Clustering is the task of grouping a set of objects in a way that objects in the same group (cluster) are more similar to each other than to those in other groups. Most of the clustering algorithms use quantitative or qualitative measures to draw lines between one group and another.
Today, huge volume of data flows in and out of the internet every second. Therefore, there is an unlimited demand for dynamic machine learning and data mining algorithms. In particular, dynamic cluster algorithms are essential for the real-time update of the arbitrary insertion and deletion of data points.
In many real-world problems, a substantial part of data can be added or removed. Therefore, Fully Dynamic k-Center Clustering is the best fit for its arbitrary insertion and deletion features. Fully Dynamic k-Center Clustering uses (2+e)-approximation algorithm for the k-center clustering problem with “small” amortized cost under the fully dynamic adversarial model.

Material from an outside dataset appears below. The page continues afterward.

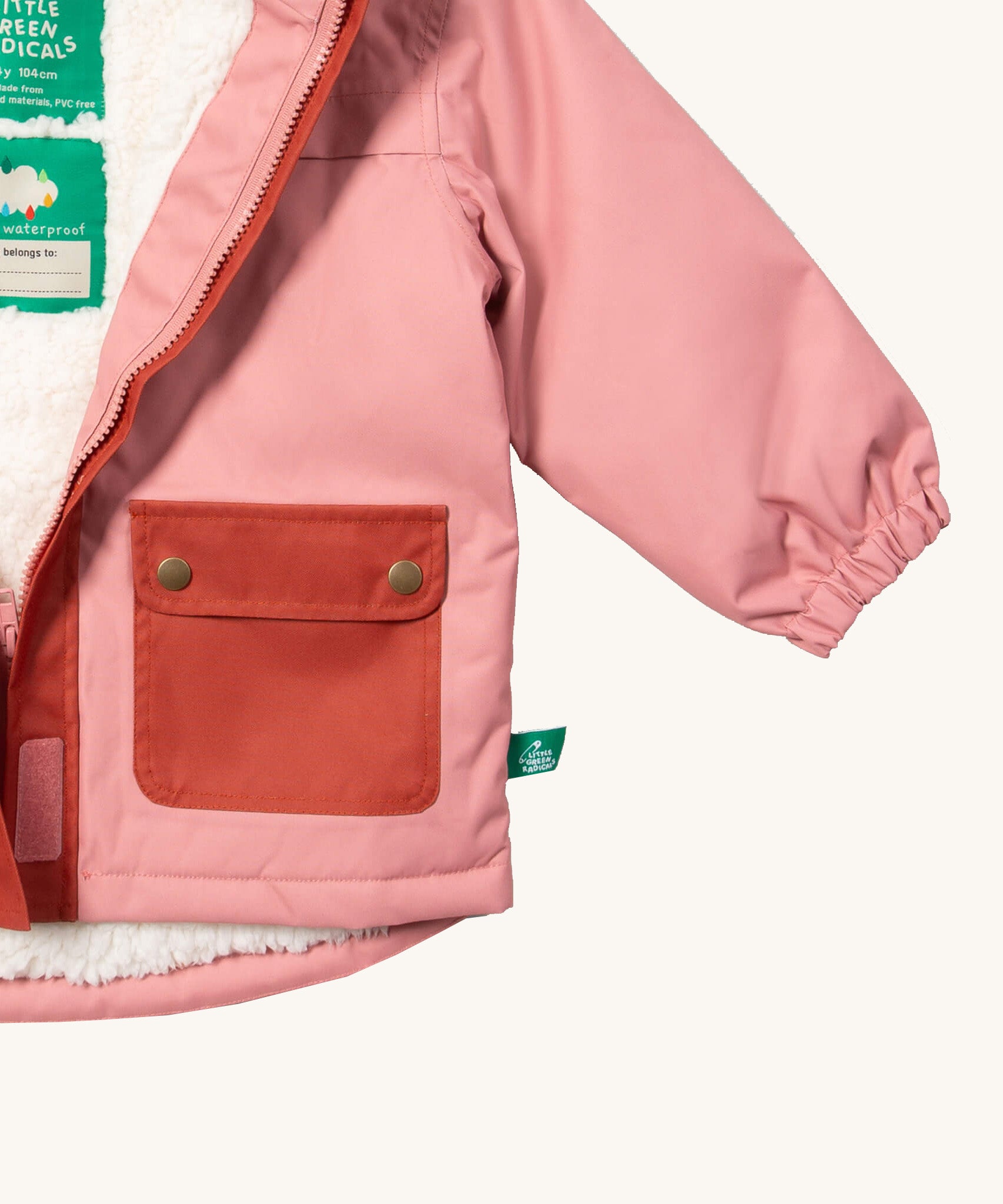 A close up of the Little Green Radicals waterproof coat in coral showing the elasticated cuff detail on pink recycled polyester fabric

Inserted data point is compared to the pre-existing clusters. If the data point is positioned within the radius of any of the k-center, it becomes part of the cluster. If it is not included, the point is classified as an unclustered point.
Deleted data point will be considered in two cases. If the point is not one of the k-centers, it can be removed in O(1) time.
If the point is one of the k-centers, some points will lose their center and become unclustered points together with the clusters formulated after the deleted center’s cluster.
These points will be re-clustered by selecting uniformly random center points.
Although Python is used as a medium language for the project, most of the core functions are already available in C language. Components that can be imported via wrapper libraries, such as Cython or Pyobject, were translated into our system. To measure the successful integration of the components, the portions of the datasets used in Fully Dynamic k-Center Clustering (Twitter, Flickr, and Trajectories) were used to simulate the experiment conducted in the paper.
Due to the nature of the fully dynamic k-center clustering that inserts and deletes the data points dynamically, the clusters are prone to be updated by these operations more often and refactor their structures. Therefore, clusters obtained by dynamic algorithms have a higher chance of redefining the “key” points (centers of the clusters) than those generated by static algorithms. Reassignment of these key points lead to reconstructions of the clusters, and thereby new clusters would contain different data points.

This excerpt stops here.